Forum für Wissenschaft, Industrie und Wirtschaft

Hauptsponsoren:     3M 
Datenbankrecherche:

 

Die "silberne Zukunft" gestalten: Innovative Wohnformen für ältere Menschen

08.05.2007
Das Ruhrgebiet hat Modellcharakter

Alt, verwirrt, alleine und ins Heim abgeschoben, so will keiner enden. Es muss doch Alternativen geben, dachten sich Annette Franke und David Wilde, und machten die Frage nach innovativen Wohnformen für ältere Menschen zum Thema ihrer Diplomarbeit (Betreuer: Prof. Dr. Rolf Heinze, Soziologie). Und sie wurden fündig: Gerade das Ruhrgebiet, wo der demografische Wandel noch schneller voranschreitet als anderswo in Deutschland, bot sich als Modellregion an. Hier gibt es Ansätze, die älteren Menschen ein selbstbestimmtes, aber sicheres und komfortables Leben möglich machen. Die Arbeit, die mit einem der Preise an Studierende der Ruhr-Universität ausgezeichnet wurde, ist jetzt auch unter dem Titel "Die silberne Zukunft gestalten" als Buch erschienen.

Wann ist man alt?

Der Blick auf die Alten und das Alter fällt in der öffentlichen Diskussion meistens düster aus: Immer mehr alte Menschen, immer weniger Junge, ältere sind arm, hilflos, müssen verwahrt werden, sind eine Belastung für die Angehörigen, wenn es denn welche gibt, für die Sozialkassen, die Allgemeinheit. "Wir haben uns gefragt: Was ist eigentlich so schlimm daran, wenn viele Leute länger leben, das ist doch eigentlich erstmal eine positive Entwicklung", erzählt Annette Franke, "und wir wollten einen konstruktiven Blick auf das Thema werfen." Die beiden Sozialwissenschaftler machten sich zunächst an eine Bestandsaufnahme: Was ist eigentlich alt? Wann ist man alt? Wodurch ist Altern gekennzeichnet?, fragten sie. Statistiken halfen bei der Beantwortung der Frage, wie ältere Menschen tatsächlich leben. Treffen Vorurteile zu? Wie viel Geld steht zur Verfügung? Wie wünschen sich ältere Menschen zu leben? Und schließlich: Was gibt es überhaupt? Zwischen den Extremen "eigene Wohnung" und "Pflegeheim" muss es doch noch mehr geben.

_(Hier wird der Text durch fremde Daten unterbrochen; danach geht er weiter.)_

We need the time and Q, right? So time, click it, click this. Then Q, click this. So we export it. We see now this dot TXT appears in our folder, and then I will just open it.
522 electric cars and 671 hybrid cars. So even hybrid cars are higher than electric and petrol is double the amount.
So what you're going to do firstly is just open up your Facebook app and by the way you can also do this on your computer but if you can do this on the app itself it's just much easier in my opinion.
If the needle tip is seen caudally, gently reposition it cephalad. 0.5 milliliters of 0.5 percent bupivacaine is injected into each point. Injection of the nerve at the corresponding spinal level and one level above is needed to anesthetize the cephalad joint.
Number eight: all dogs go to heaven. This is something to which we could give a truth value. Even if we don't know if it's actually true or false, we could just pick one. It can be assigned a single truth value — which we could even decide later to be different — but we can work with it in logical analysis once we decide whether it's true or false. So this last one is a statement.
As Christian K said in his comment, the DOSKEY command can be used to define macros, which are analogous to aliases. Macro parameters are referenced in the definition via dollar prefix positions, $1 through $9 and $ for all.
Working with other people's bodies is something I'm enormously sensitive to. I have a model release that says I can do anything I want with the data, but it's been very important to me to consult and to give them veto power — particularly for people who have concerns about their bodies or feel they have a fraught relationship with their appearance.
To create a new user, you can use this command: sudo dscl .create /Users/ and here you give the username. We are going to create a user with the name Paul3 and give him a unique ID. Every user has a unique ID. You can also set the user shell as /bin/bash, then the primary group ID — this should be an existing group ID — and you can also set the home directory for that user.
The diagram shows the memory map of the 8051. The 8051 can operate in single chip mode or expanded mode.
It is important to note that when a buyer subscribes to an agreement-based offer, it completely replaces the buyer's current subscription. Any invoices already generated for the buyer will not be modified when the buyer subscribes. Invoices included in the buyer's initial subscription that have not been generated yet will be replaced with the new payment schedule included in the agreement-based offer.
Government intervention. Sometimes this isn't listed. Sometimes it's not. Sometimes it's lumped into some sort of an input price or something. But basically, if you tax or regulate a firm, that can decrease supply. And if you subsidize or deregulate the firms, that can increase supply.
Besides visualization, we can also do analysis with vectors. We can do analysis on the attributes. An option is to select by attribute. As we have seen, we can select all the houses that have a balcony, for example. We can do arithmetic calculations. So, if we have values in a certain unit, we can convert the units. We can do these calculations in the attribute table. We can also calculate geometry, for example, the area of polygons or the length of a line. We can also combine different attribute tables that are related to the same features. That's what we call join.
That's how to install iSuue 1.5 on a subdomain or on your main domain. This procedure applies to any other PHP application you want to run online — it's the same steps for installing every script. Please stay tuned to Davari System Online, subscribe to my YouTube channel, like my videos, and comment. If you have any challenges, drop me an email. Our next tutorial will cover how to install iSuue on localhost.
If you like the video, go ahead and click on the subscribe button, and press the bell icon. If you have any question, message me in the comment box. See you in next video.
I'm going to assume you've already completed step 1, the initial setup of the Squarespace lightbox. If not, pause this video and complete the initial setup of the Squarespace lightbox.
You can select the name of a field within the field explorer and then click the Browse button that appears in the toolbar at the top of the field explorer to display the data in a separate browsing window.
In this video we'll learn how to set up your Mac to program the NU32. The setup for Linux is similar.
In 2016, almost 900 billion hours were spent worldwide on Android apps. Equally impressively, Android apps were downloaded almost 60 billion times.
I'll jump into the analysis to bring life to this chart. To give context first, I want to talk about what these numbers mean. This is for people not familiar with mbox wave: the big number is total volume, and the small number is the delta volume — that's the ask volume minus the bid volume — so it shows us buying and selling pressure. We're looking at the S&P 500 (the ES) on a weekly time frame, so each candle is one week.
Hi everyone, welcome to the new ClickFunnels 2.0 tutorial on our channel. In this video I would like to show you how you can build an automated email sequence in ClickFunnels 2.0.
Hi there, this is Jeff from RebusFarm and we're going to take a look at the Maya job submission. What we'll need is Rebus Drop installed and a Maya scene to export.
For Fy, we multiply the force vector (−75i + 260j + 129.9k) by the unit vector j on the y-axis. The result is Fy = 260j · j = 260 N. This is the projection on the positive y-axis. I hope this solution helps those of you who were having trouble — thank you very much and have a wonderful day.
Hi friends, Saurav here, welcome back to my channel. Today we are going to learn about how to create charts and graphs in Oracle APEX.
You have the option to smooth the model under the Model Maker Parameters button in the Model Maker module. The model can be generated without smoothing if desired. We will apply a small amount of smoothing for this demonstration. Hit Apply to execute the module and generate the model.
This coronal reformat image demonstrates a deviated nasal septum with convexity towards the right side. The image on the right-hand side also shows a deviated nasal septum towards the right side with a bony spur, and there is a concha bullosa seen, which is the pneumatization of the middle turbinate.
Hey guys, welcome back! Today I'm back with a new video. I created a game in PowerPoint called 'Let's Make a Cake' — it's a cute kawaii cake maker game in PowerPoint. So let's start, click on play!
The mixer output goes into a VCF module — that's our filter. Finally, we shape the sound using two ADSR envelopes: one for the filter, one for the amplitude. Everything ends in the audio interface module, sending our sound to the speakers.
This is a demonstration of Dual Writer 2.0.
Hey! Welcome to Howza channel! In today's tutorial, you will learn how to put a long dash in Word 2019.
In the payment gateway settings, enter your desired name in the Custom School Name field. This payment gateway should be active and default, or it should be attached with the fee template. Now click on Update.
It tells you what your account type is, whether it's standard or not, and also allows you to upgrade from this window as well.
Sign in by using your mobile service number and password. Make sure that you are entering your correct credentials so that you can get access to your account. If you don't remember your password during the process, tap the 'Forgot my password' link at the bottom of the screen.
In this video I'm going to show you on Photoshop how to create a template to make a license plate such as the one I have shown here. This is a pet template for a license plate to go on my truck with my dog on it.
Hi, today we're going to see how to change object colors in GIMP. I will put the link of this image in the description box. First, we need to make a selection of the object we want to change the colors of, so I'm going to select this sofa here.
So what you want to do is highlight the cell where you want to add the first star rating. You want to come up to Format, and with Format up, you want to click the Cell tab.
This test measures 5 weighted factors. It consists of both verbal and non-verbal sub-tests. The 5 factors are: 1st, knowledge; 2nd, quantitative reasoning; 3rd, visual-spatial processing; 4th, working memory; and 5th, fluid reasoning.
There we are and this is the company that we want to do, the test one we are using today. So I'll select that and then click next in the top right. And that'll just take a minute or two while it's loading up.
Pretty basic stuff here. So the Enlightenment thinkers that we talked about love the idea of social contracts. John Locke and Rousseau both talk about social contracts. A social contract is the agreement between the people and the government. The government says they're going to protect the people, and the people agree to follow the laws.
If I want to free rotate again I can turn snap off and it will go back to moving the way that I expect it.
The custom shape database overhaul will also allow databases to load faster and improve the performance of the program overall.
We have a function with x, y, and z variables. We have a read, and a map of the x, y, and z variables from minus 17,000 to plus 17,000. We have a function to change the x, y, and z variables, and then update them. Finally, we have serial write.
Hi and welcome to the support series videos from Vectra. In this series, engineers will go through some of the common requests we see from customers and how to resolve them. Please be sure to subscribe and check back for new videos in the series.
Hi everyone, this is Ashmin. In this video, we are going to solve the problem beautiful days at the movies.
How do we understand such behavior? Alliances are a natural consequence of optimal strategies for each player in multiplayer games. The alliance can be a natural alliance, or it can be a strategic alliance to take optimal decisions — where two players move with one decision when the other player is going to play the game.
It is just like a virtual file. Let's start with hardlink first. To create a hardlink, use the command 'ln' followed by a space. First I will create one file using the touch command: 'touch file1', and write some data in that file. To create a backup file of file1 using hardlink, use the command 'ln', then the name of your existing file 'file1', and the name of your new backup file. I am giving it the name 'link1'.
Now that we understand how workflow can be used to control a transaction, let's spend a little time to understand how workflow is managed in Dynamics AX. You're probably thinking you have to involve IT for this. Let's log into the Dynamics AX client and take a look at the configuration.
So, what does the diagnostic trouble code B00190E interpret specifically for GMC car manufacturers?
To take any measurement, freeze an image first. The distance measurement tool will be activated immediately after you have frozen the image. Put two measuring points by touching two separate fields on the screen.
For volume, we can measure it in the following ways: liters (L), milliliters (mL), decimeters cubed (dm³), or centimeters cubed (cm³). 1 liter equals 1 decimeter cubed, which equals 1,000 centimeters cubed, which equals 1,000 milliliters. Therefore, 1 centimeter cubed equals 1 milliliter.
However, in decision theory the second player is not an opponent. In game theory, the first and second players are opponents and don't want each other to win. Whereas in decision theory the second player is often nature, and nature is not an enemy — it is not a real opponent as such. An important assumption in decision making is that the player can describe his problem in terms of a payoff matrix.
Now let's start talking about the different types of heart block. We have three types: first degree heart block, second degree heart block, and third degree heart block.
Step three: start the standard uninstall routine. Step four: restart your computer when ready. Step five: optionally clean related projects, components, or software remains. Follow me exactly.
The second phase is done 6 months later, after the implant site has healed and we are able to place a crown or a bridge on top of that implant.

"Smart Home" macht das Licht aus

Und auch wenn noch nicht jeder aufgewacht ist: Die Wirtschaft entdeckt die älteren Menschen allmählich als attraktive Kundengruppe. Anhand zweier Unternehmensbeispiele in Castrop-Rauxel und Hattingen stellen die Forscher vor, was möglich ist. Da hilft in "Smart Homes" die moderne Technik Senioren, altersbedingte Defizite zu kompensieren und ihren Alltag allen Behinderungen zum Trotz selbstbestimmt zu bewältigen. "Smarter Wohnen NRW" heißt das Projekt in Hattingen, wo technische Neuerungen rund ums Wohnen entwickelt und erprobt werden. "Das fängt damit an, dass beim Verlassen der Wohnung alle Lichter und der Herd automatisch ausgeschaltet werden und geht bis hin zum Bewegungsmelder, der Hilfe alarmiert, wenn sich der Wohnungsinhaber auffällig lange nicht mehr bewegt", erklärt David Wilde.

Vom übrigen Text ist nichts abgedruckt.